(WHAT YOU ARE ASKED TO DO) Make an exact copy of the entries, taking out every picture.

*** DATA TO EXAMINE ***

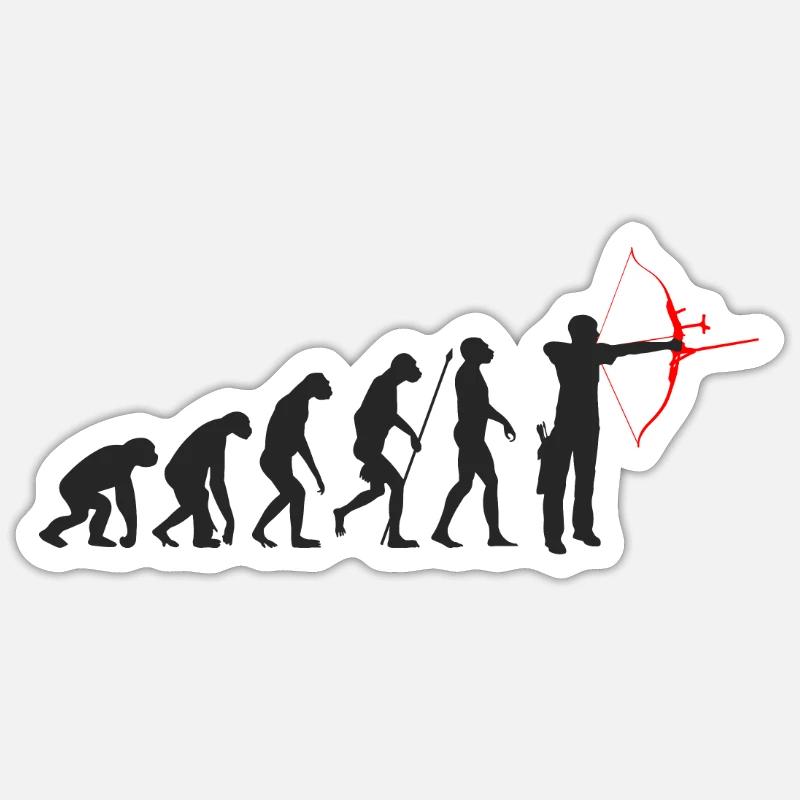 Bogenschießen Evolution Sticker Größe S (10 x 10 cm)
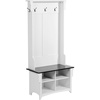 image:imageVEVOR Hall Tree Entryway Bench Coat Rack with Shoe Storage 32 Wide Mudroom Bench with Seating and Adjustable Shelves 5 Hanging Hooks and 4 Storage Drawers for Mudroom Entryway Hallway32 Width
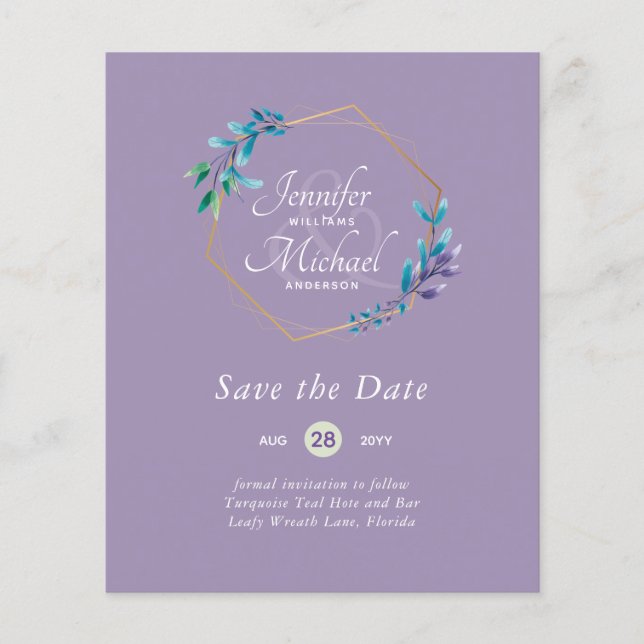 CHEAPEST Save The Dates Teal Blue Floral Wreath (Front)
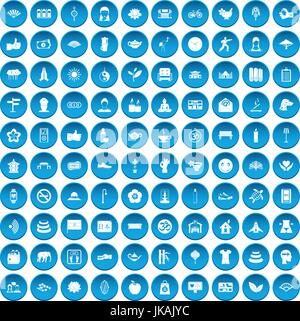 100 yoga studio icons set blue Stock Vector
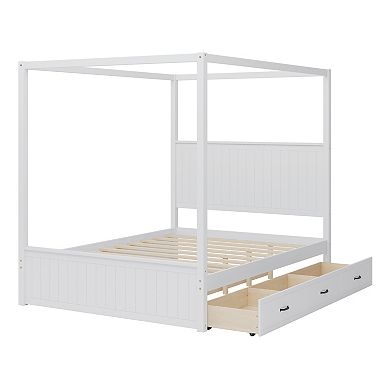 Pnronnc Queen Canopy Platform Bed Four Poster Bed with Trundle & Drawers 4-Post Solid Wood Bed Frame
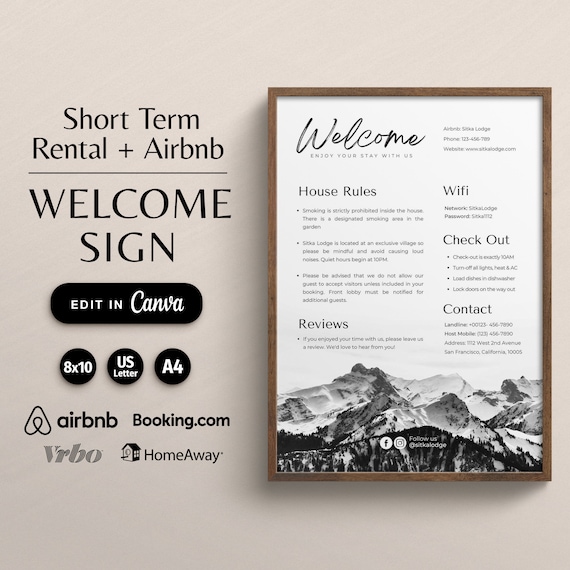 Welcome Sign Airbnb Hosts, Vacation Rental Printable, Guest Arrival Poster, VRBO Template, Things to Know, Beach House Rules, Wifi Sign 13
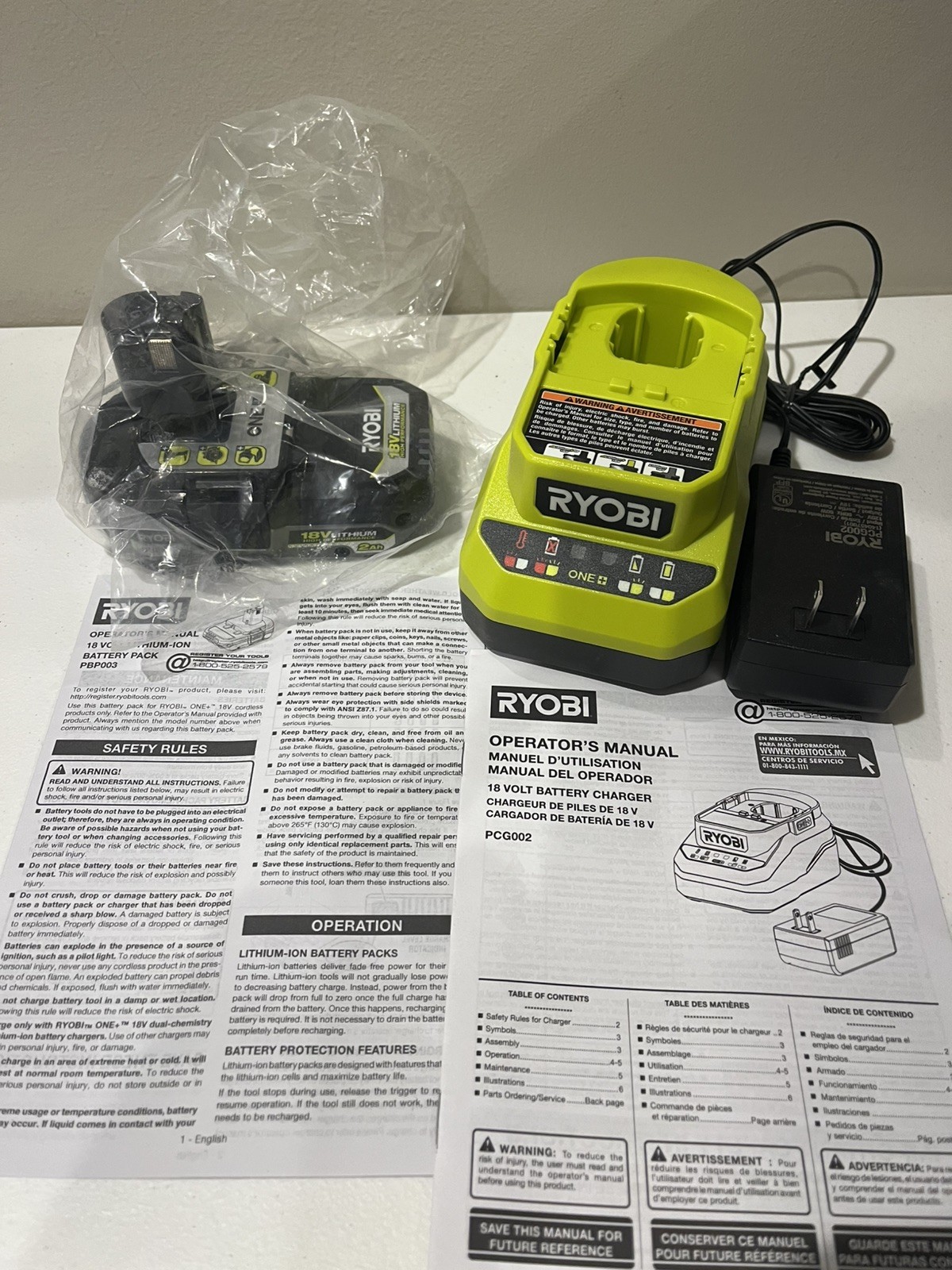 NEW Ryobi ONE+ 18V 2.0 Ah Lithium-Ion Battery PBP003 w/Ryobi PCG002 Charger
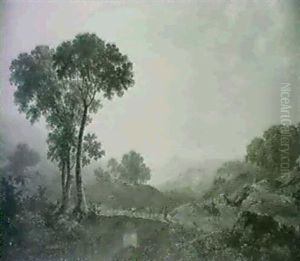 Travellers Crossing A Bridge, An Extensive Landscape Beyond Travellers Crossing A Bridge, An Extensive Landscape Beyond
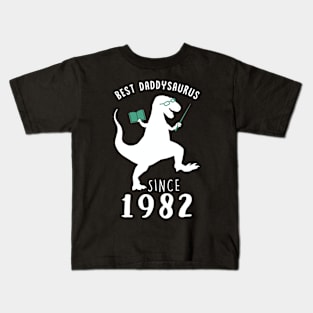Best Dad 1982 T-Shirt DaddySaurus Since 1982 Daddy Teacher Gift Kids T-Shirt
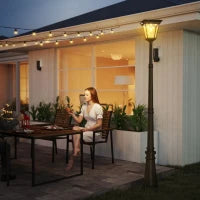 Lampione da Giardino a Energia Solare con Sensore PIR, in Alluminio e Vetro, 26x24x220 cm, Nero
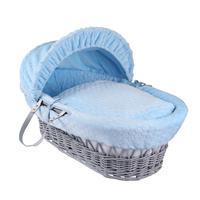Clair de Lune Grey Wicker Moses Basket with Marshmallow Lining Blue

*** End of DATA TO EXAMINE ***

(THE ANSWER)
 Bogenschießen Evolution Sticker Größe S (10 x 10 cm)
 image:imageVEVOR Hall Tree Entryway Bench Coat Rack with Shoe Storage 32 Wide Mudroom Bench with Seating and Adjustable Shelves 5 Hanging Hooks and 4 Storage Drawers for Mudroom Entryway Hallway32 Width
 CHEAPEST Save The Dates Teal Blue Floral Wreath (Front)
 100 yoga studio icons set blue Stock Vector
 Pnronnc Queen Canopy Platform Bed Four Poster Bed with Trundle & Drawers 4-Post Solid Wood Bed Frame
 Welcome Sign Airbnb Hosts, Vacation Rental Printable, Guest Arrival Poster, VRBO Template, Things to Know, Beach House Rules, Wifi Sign 13
 NEW Ryobi ONE+ 18V 2.0 Ah Lithium-Ion Battery PBP003 w/Ryobi PCG002 Charger
 Travellers Crossing A Bridge, An Extensive Landscape Beyond Travellers Crossing A Bridge, An Extensive Landscape Beyond
Best Dad 1982 T-Shirt DaddySaurus Since 1982 Daddy Teacher Gift Kids T-Shirt
 Lampione da Giardino a Energia Solare con Sensore PIR, in Alluminio e Vetro, 26x24x220 cm, Nero
Clair de Lune Grey Wicker Moses Basket with Marshmallow Lining Blue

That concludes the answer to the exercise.